[[ Data under study open ]]
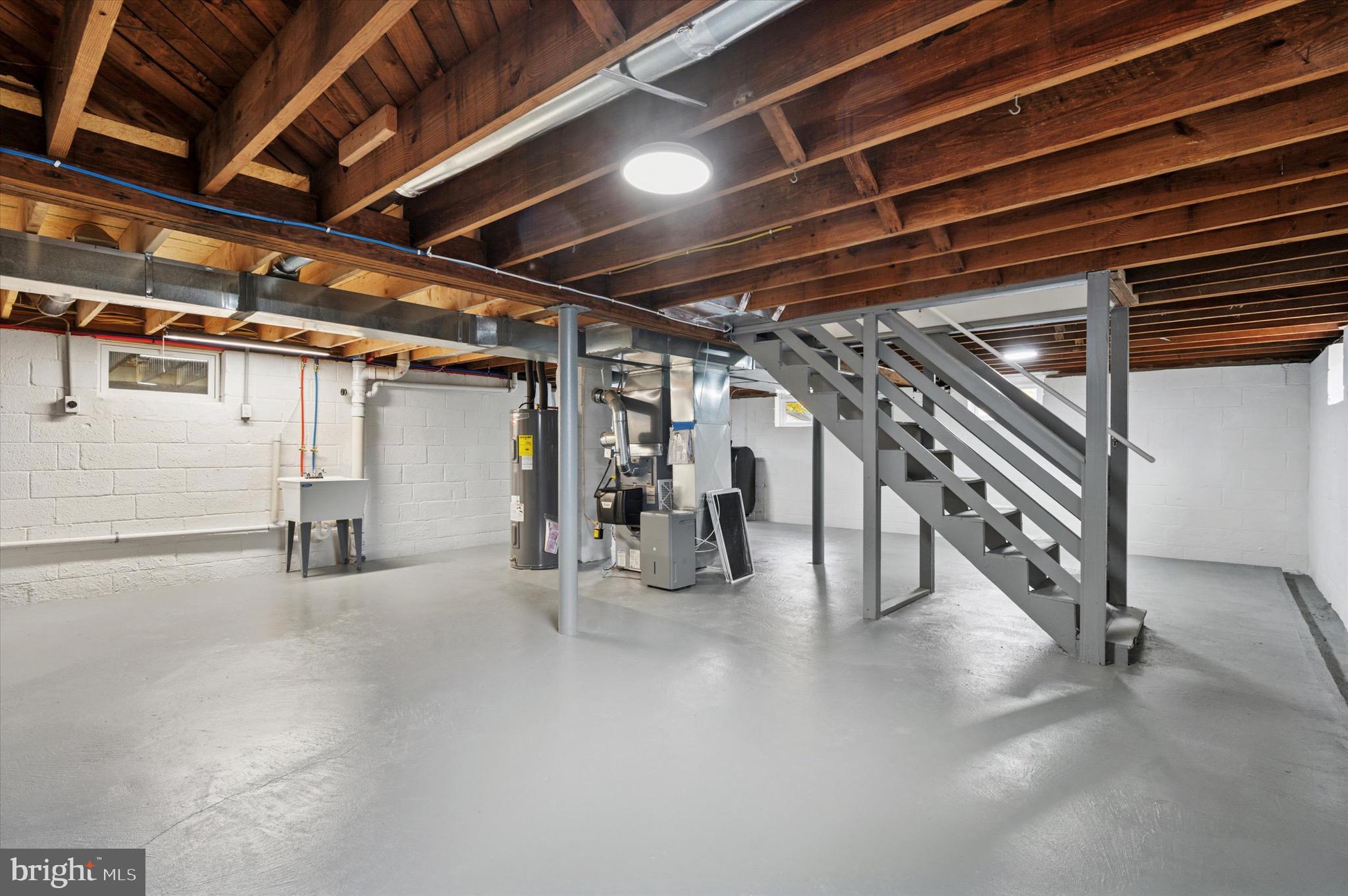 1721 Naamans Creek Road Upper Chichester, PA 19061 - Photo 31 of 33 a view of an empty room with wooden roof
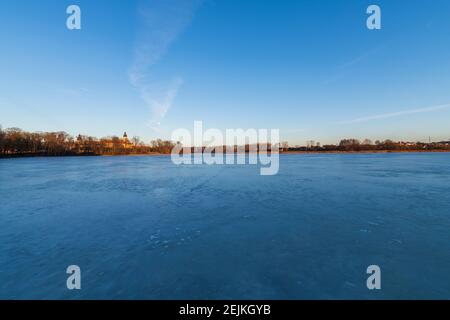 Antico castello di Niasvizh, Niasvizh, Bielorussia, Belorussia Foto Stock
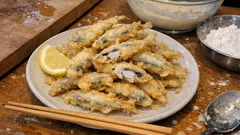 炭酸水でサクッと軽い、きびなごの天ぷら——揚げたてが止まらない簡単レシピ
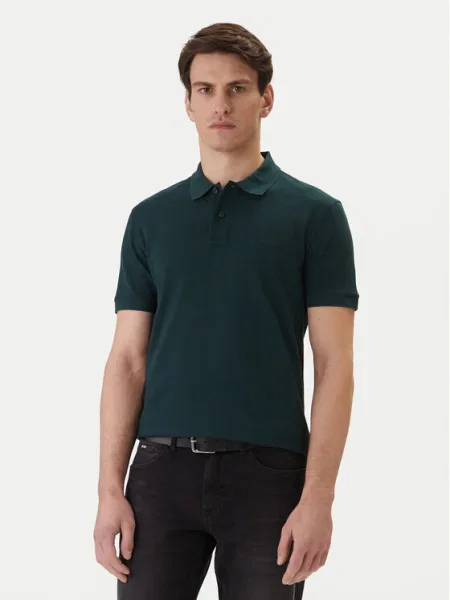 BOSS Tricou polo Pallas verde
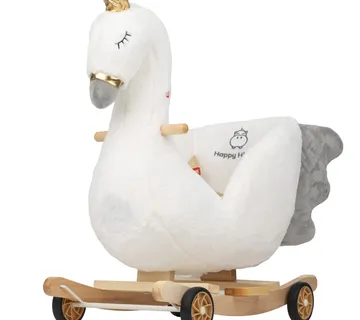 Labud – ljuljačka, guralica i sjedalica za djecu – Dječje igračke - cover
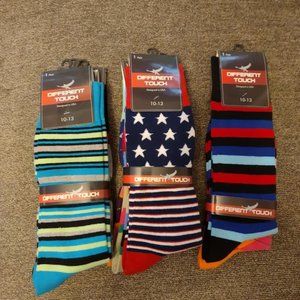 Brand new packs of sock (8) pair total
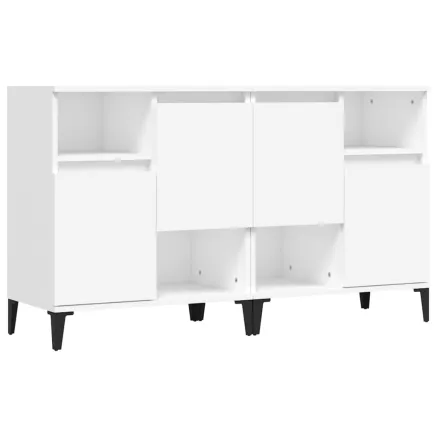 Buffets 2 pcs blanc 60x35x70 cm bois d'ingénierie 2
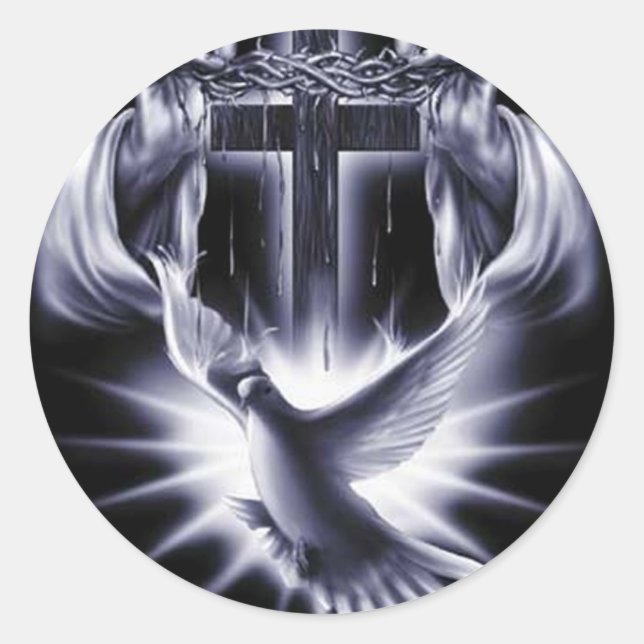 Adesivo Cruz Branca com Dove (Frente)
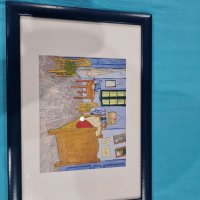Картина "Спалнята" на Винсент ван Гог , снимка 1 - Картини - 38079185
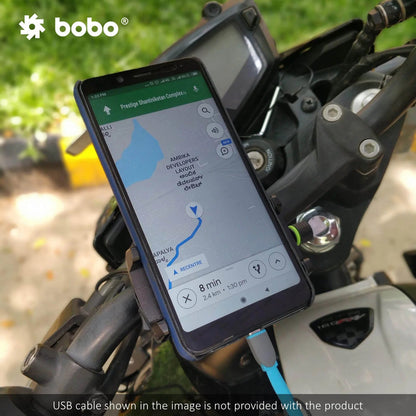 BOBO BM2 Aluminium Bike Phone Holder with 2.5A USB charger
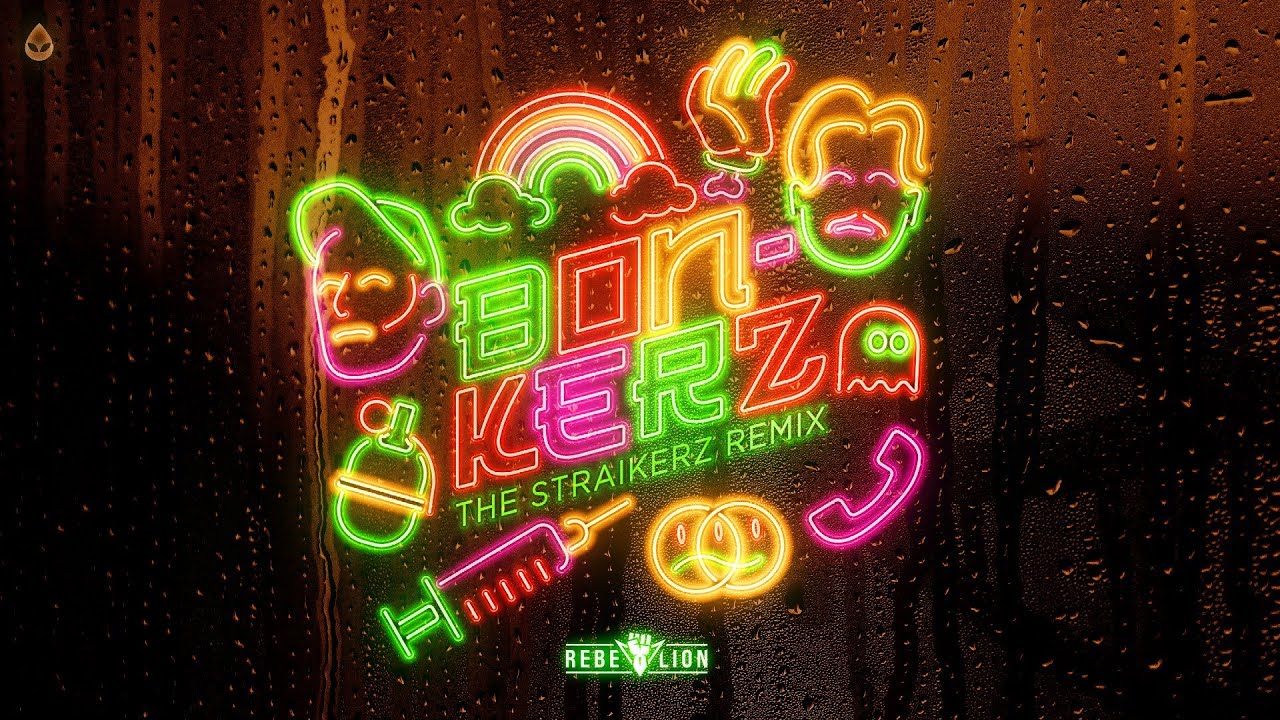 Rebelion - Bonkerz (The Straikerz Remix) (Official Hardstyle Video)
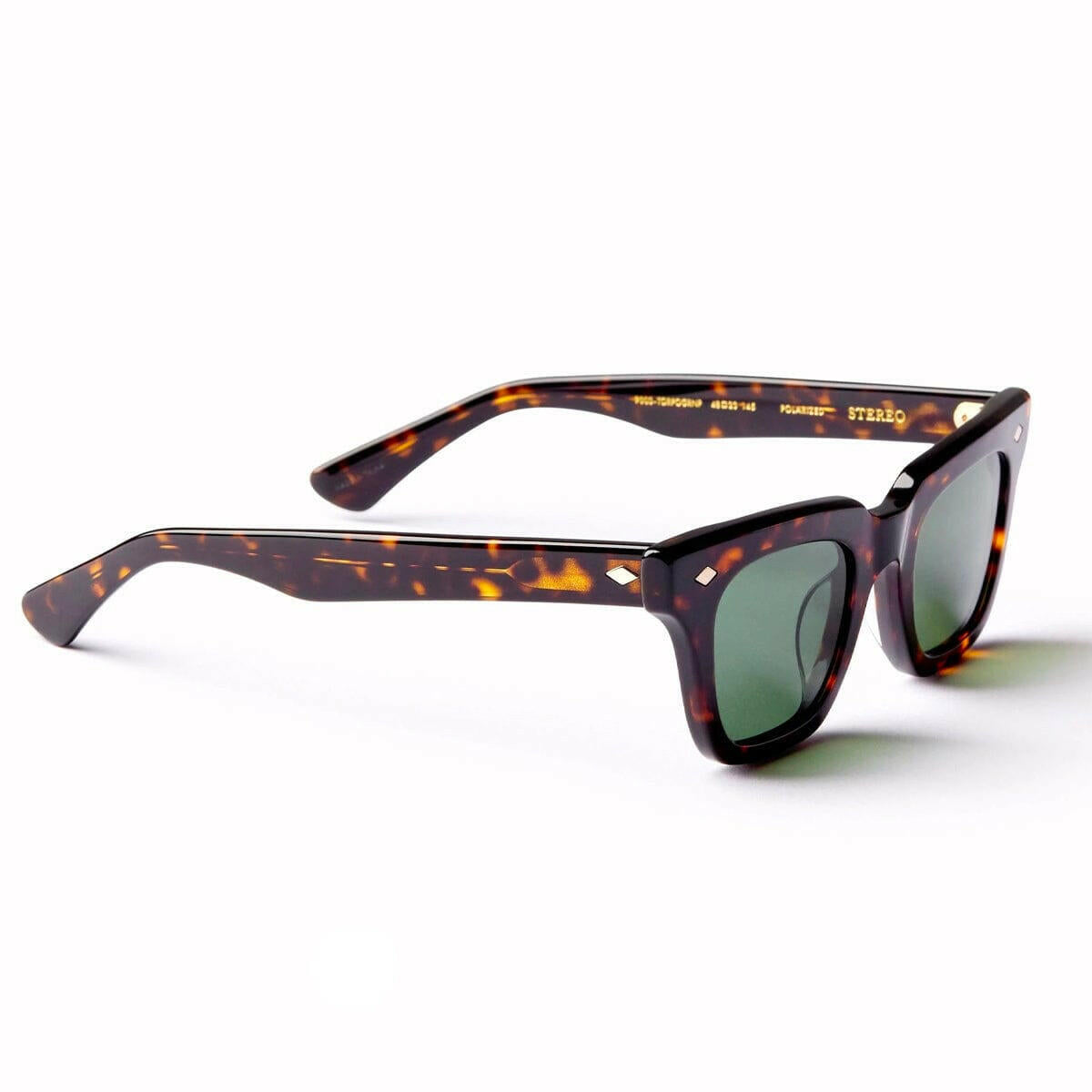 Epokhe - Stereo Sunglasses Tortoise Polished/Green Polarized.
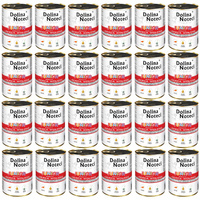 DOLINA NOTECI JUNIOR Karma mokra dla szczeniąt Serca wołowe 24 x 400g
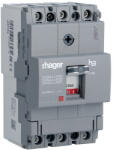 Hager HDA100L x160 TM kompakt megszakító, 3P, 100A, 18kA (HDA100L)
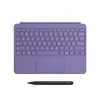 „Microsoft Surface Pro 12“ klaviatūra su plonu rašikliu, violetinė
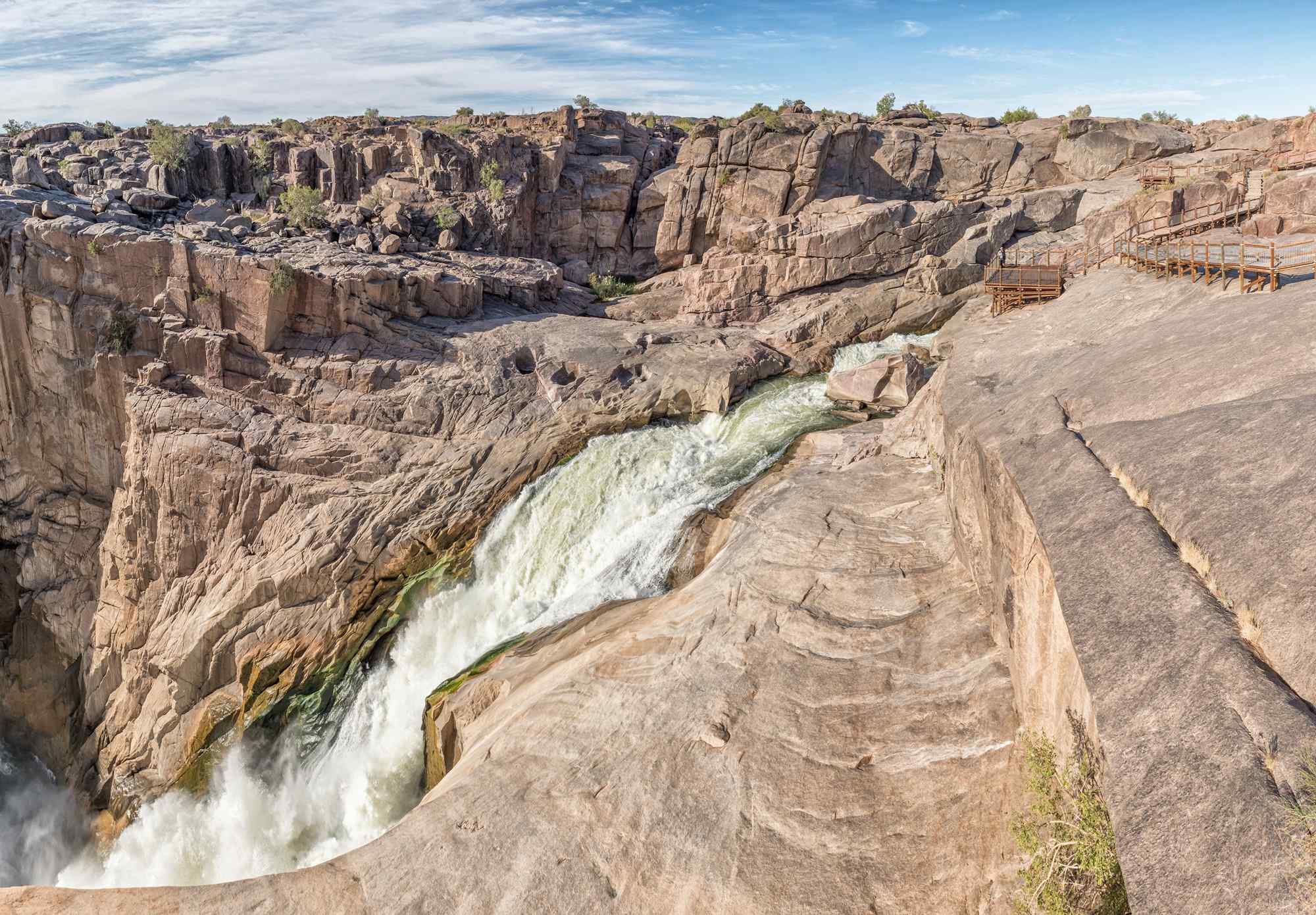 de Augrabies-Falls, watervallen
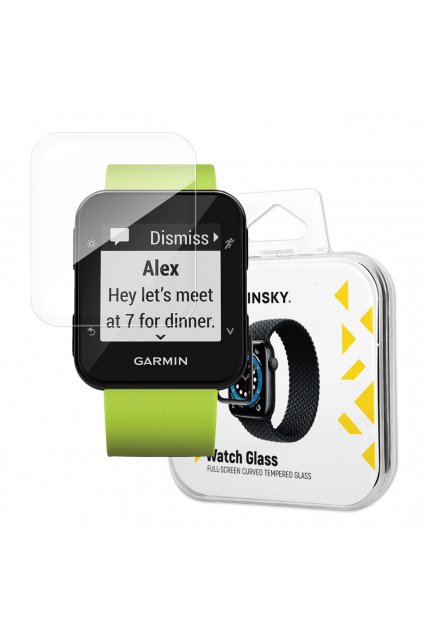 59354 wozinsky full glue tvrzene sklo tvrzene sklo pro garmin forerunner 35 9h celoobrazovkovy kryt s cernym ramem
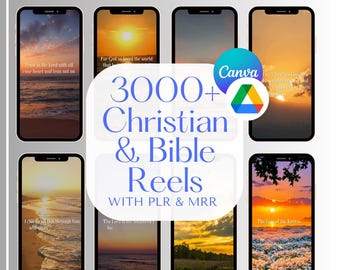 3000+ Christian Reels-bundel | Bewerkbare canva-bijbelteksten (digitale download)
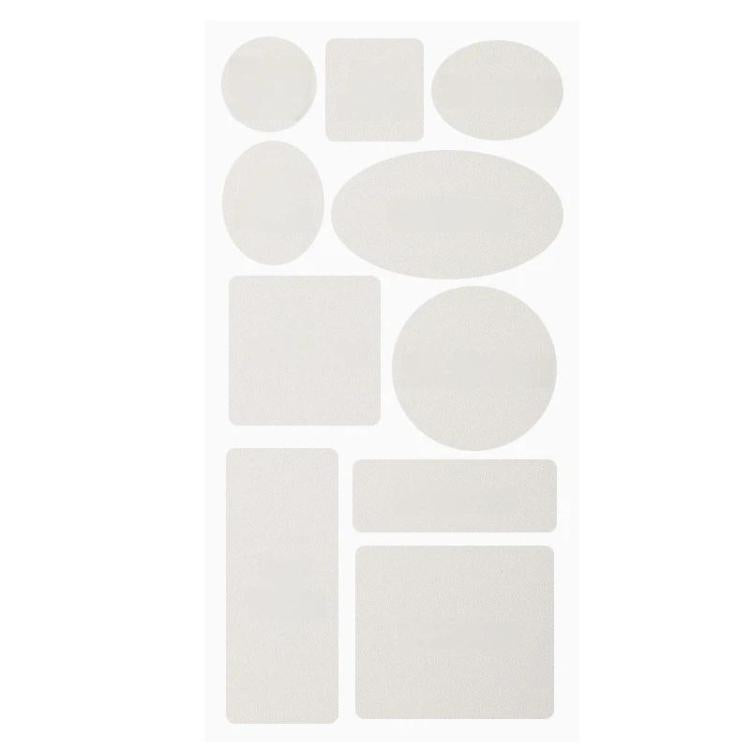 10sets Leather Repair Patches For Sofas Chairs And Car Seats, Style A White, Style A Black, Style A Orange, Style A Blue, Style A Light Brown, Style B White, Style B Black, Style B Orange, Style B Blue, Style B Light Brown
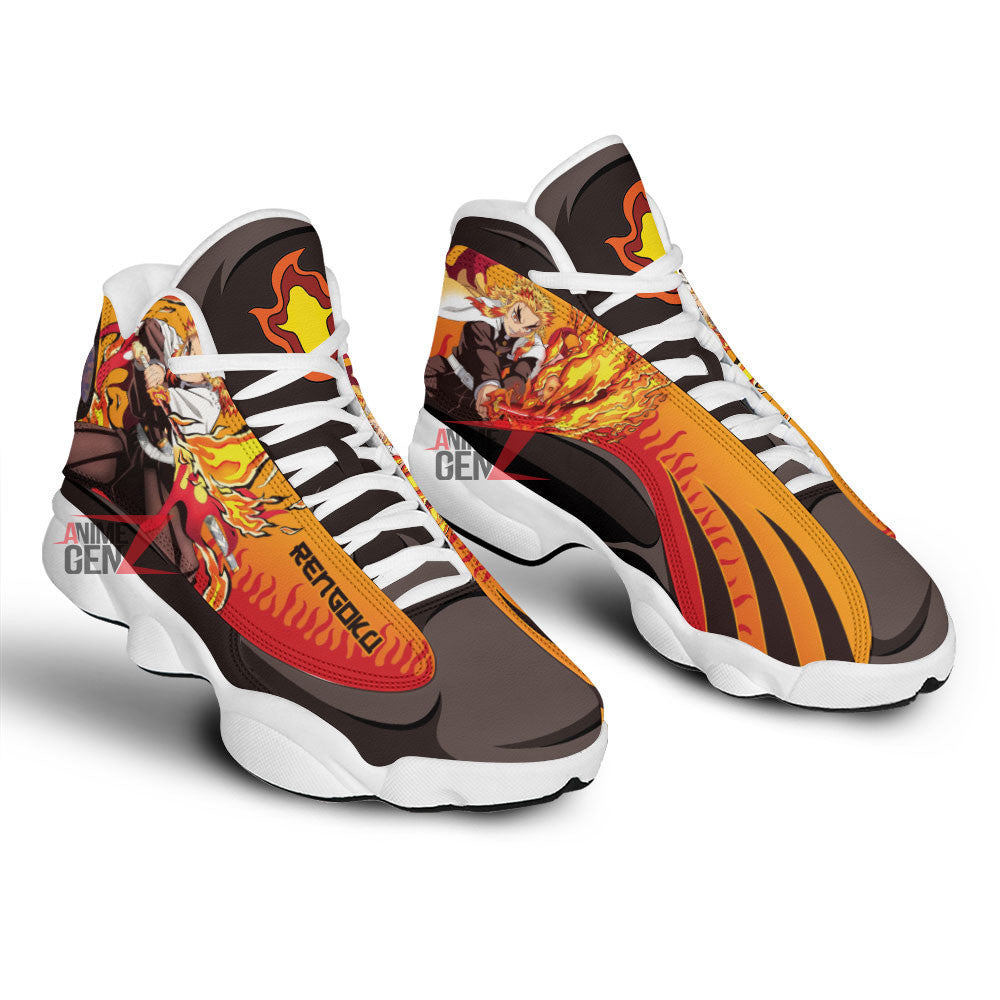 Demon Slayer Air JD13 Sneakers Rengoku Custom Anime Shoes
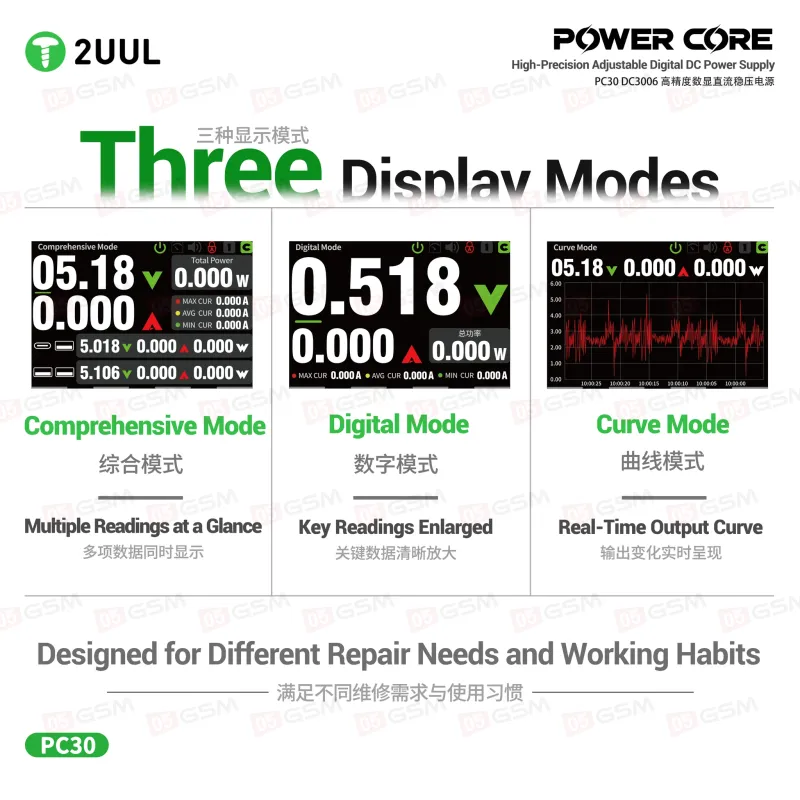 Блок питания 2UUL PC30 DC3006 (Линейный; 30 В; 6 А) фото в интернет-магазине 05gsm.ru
[[ Data under study closed ]]
• What is required: Please transcribe all of the records above exactly, leaving out any pictures.

• Solved problem:
 1721 Naamans Creek Road Upper Chichester, PA 19061 - Photo 31 of 33 a view of an empty room with wooden roof
 Antico castello di Niasvizh, Niasvizh, Bielorussia, Belorussia Foto Stock
 炭酸水でサクッと軽い、きびなごの天ぷら——揚げたてが止まらない簡単レシピ
 BOSS Tricou polo Pallas verde
 Labud – ljuljačka, guralica i sjedalica za djecu – Dječje igračke - cover
 Brand new packs of sock (8) pair total
 Buffets 2 pcs blanc 60x35x70 cm bois d'ingénierie 2
 Adesivo Cruz Branca com Dove (Frente)
Картина "Спалнята" на Винсент ван Гог , снимка 1 - Картини - 38079185
 BOBO BM2 Aluminium Bike Phone Holder with 2.5A USB charger
 Rebelion - Bonkerz (The Straikerz Remix) (Official Hardstyle Video)
 Epokhe - Stereo Sunglasses Tortoise Polished/Green Polarized.
 DOLINA NOTECI JUNIOR Karma mokra dla szczeniąt Serca wołowe 24 x 400g
 Hager HDA100L x160 TM kompakt megszakító, 3P, 100A, 18kA (HDA100L)
 „Microsoft Surface Pro 12“ klaviatūra su plonu rašikliu, violetinė
 de Augrabies-Falls, watervallen
 59354 wozinsky full glue tvrzene sklo tvrzene sklo pro garmin forerunner 35 9h celoobrazovkovy kryt s cernym ramem
 3000+ Christian Reels-bundel | Bewerkbare canva-bijbelteksten (digitale download)
 10sets Leather Repair Patches For Sofas Chairs And Car Seats, Style A White, Style A Black, Style A Orange, Style A Blue, Style A Light Brown, Style B White, Style B Black, Style B Orange, Style B Blue, Style B Light Brown
 Demon Slayer Air JD13 Sneakers Rengoku Custom Anime Shoes
 Блок питания 2UUL PC30 DC3006 (Линейный; 30 В; 6 А) фото в интернет-магазине 05gsm.ru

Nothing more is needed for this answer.